→ Exercise directions:
Pictures must not appear in your answer. Write out exactly the lines from the one with "پانسیون Geddes Great House" through the last line of the entries below.
[[ Stored data open ]]
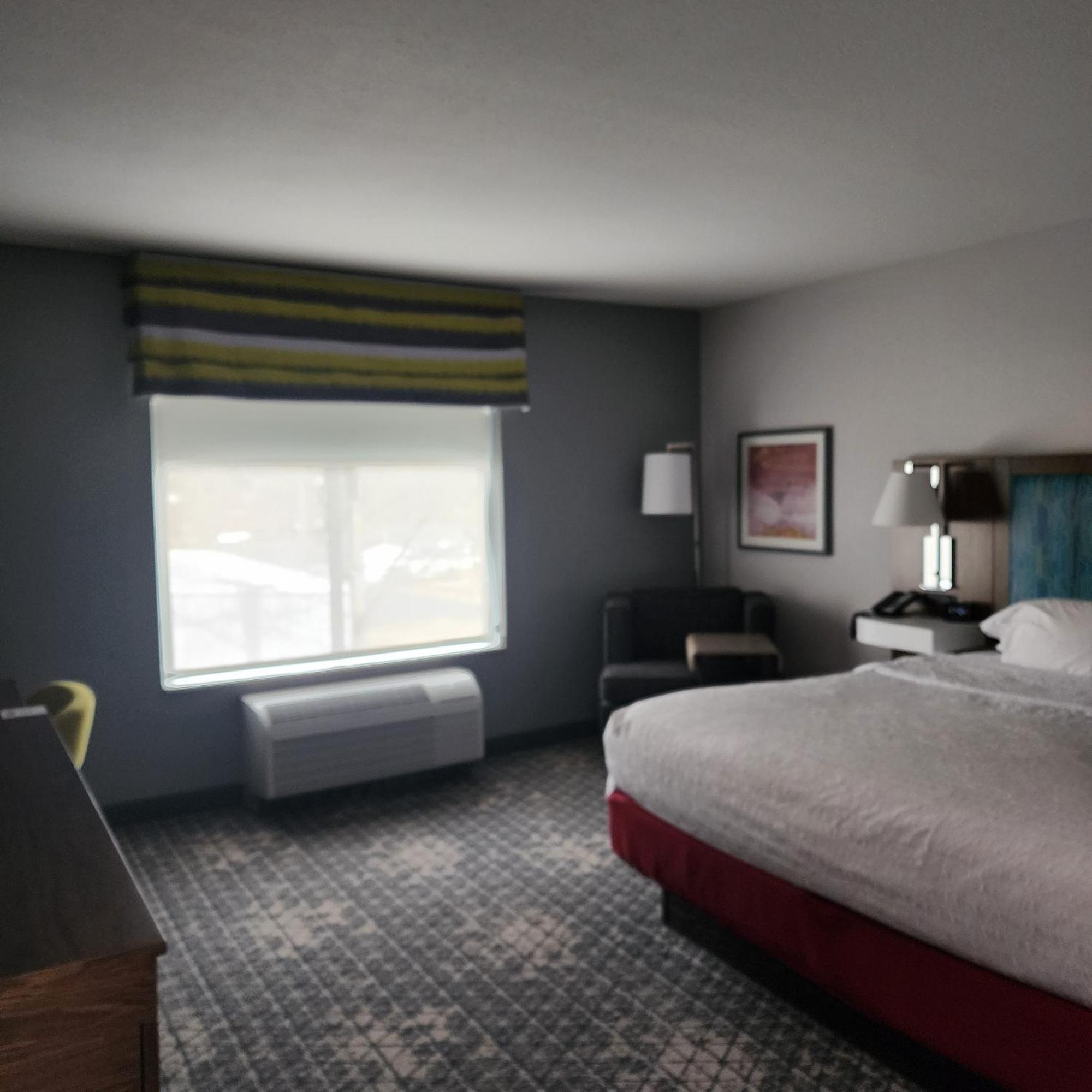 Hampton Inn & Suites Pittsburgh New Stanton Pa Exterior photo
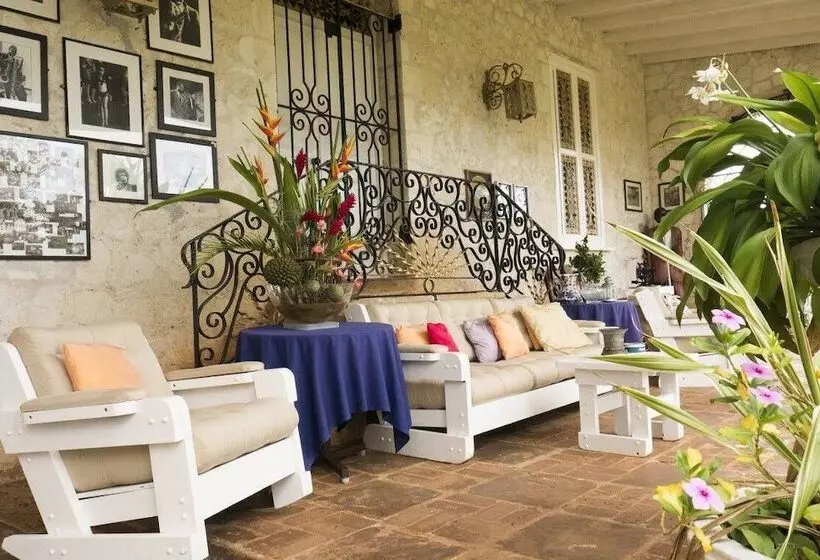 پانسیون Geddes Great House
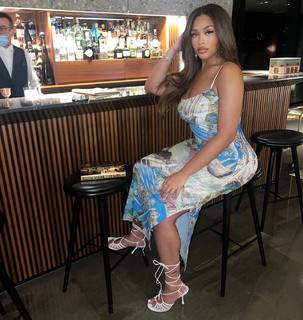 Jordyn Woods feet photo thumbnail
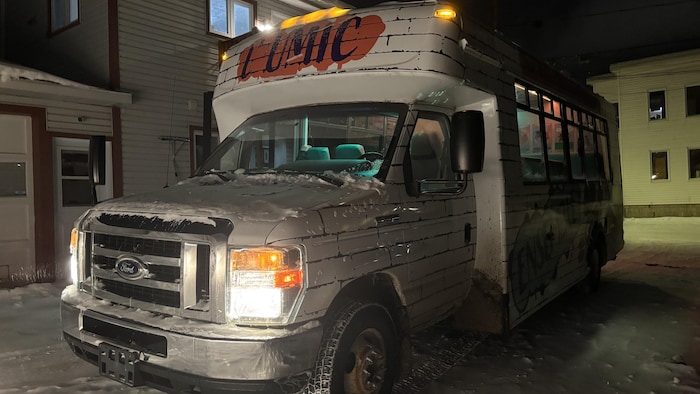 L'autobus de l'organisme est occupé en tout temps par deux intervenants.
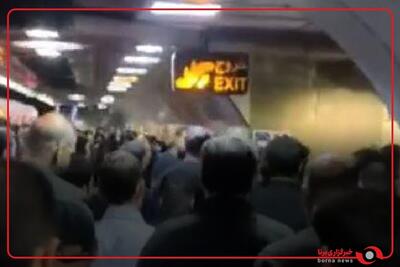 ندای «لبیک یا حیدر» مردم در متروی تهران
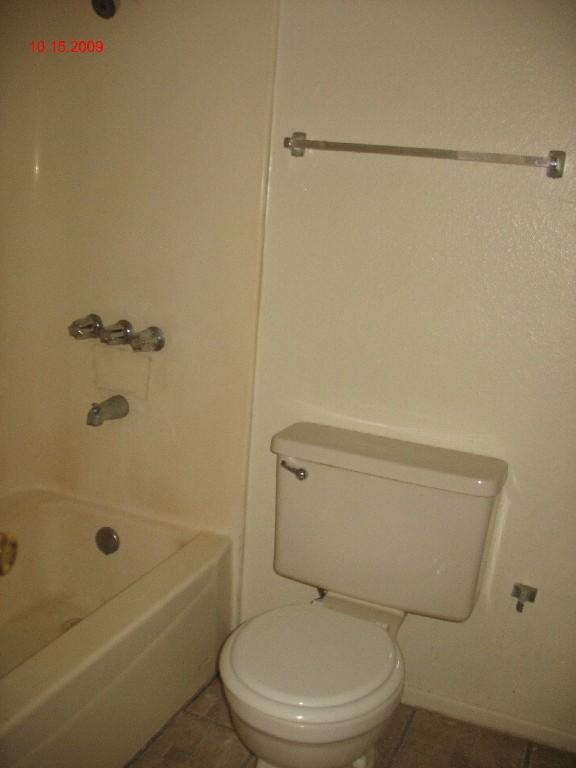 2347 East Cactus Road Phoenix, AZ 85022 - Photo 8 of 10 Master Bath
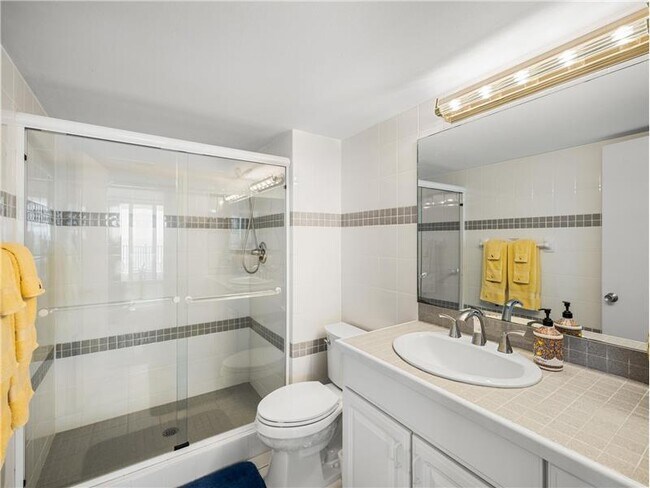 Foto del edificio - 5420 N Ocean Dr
[[ Stored data closed ]]
→ Answer for this exercise:
 پانسیون Geddes Great House
 Jordyn Woods feet photo thumbnail
 L'autobus de l'organisme est occupé en tout temps par deux intervenants.
 ندای «لبیک یا حیدر» مردم در متروی تهران
 2347 East Cactus Road Phoenix, AZ 85022 - Photo 8 of 10 Master Bath
 Foto del edificio - 5420 N Ocean Dr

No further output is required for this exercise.